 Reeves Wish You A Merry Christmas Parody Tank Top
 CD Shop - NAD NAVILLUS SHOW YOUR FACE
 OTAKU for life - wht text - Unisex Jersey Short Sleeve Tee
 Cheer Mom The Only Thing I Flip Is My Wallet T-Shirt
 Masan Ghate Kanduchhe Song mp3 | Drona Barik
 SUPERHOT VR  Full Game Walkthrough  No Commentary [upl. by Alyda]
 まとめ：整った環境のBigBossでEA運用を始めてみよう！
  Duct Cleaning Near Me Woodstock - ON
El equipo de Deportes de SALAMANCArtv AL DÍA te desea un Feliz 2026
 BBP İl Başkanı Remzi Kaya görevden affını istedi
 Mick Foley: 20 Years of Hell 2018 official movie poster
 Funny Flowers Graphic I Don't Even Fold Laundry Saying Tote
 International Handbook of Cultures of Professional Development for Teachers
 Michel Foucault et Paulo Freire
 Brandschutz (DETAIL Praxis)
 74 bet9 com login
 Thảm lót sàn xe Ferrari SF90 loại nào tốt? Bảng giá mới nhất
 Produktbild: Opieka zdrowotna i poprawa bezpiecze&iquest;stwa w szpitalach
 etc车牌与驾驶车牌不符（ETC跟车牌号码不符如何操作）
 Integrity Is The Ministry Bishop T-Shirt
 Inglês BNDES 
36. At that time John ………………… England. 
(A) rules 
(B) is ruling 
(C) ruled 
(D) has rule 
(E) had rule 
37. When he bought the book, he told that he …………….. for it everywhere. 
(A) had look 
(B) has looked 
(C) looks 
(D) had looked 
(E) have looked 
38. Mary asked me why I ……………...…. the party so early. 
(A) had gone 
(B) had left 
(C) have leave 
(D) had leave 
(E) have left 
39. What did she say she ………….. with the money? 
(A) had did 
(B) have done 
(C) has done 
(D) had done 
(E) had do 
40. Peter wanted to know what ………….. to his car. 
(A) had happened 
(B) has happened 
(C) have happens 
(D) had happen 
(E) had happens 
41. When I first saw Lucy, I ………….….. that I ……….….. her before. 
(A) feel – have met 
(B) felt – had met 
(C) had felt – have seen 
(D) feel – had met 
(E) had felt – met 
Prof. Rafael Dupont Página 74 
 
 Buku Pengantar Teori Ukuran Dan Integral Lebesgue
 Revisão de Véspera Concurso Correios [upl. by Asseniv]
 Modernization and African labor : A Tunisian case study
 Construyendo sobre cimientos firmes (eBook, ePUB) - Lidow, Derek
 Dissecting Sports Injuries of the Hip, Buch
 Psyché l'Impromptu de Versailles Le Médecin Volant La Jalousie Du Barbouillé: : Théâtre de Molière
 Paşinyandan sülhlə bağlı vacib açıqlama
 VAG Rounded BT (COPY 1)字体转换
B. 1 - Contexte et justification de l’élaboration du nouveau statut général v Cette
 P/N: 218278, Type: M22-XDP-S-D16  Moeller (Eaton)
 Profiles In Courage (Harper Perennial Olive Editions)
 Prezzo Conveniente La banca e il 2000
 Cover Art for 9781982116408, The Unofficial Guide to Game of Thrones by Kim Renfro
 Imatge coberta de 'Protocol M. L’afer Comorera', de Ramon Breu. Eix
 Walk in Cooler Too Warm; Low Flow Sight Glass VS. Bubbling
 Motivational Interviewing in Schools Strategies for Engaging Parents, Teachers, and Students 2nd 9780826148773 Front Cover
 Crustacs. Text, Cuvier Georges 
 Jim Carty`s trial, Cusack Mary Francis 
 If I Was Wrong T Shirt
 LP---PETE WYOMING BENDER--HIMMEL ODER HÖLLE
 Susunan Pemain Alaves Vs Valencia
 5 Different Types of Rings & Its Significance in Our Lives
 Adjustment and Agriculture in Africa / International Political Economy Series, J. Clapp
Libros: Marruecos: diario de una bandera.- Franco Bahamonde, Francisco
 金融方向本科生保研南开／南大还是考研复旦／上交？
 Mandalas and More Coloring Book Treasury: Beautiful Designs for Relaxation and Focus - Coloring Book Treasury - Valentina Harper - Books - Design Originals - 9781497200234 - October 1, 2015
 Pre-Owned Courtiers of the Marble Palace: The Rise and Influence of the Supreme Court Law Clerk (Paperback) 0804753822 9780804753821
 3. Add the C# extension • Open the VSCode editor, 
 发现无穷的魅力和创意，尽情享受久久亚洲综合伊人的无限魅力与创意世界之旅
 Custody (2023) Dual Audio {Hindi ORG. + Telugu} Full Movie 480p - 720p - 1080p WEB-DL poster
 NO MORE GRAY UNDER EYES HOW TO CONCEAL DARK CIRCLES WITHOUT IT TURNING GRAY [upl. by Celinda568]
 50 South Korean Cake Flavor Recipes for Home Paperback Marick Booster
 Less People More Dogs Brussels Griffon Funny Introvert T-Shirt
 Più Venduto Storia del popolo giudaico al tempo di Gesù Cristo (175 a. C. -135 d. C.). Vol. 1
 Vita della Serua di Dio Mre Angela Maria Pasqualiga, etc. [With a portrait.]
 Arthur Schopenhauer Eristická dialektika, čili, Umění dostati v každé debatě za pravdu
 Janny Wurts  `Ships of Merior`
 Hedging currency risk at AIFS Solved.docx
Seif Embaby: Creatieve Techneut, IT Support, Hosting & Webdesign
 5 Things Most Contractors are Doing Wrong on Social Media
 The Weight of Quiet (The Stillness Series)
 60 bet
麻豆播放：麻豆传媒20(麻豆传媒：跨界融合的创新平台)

> **Assignment**:
Write out again, exactly, the lines from the one holding "3. Add the C#" through the end of the listing, with both ends included.

> **Answer to this exercise**:
 3. Add the C# extension • Open the VSCode editor, 
 发现无穷的魅力和创意，尽情享受久久亚洲综合伊人的无限魅力与创意世界之旅
 Custody (2023) Dual Audio {Hindi ORG. + Telugu} Full Movie 480p - 720p - 1080p WEB-DL poster
 NO MORE GRAY UNDER EYES HOW TO CONCEAL DARK CIRCLES WITHOUT IT TURNING GRAY [upl. by Celinda568]
 50 South Korean Cake Flavor Recipes for Home Paperback Marick Booster
 Less People More Dogs Brussels Griffon Funny Introvert T-Shirt
 Più Venduto Storia del popolo giudaico al tempo di Gesù Cristo (175 a. C. -135 d. C.). Vol. 1
 Vita della Serua di Dio Mre Angela Maria Pasqualiga, etc. [With a portrait.]
 Arthur Schopenhauer Eristická dialektika, čili, Umění dostati v každé debatě za pravdu
 Janny Wurts  `Ships of Merior`
 Hedging currency risk at AIFS Solved.docx
Seif Embaby: Creatieve Techneut, IT Support, Hosting & Webdesign
 5 Things Most Contractors are Doing Wrong on Social Media
 The Weight of Quiet (The Stillness Series)
 60 bet
麻豆播放：麻豆传媒20(麻豆传媒：跨界融合的创新平台)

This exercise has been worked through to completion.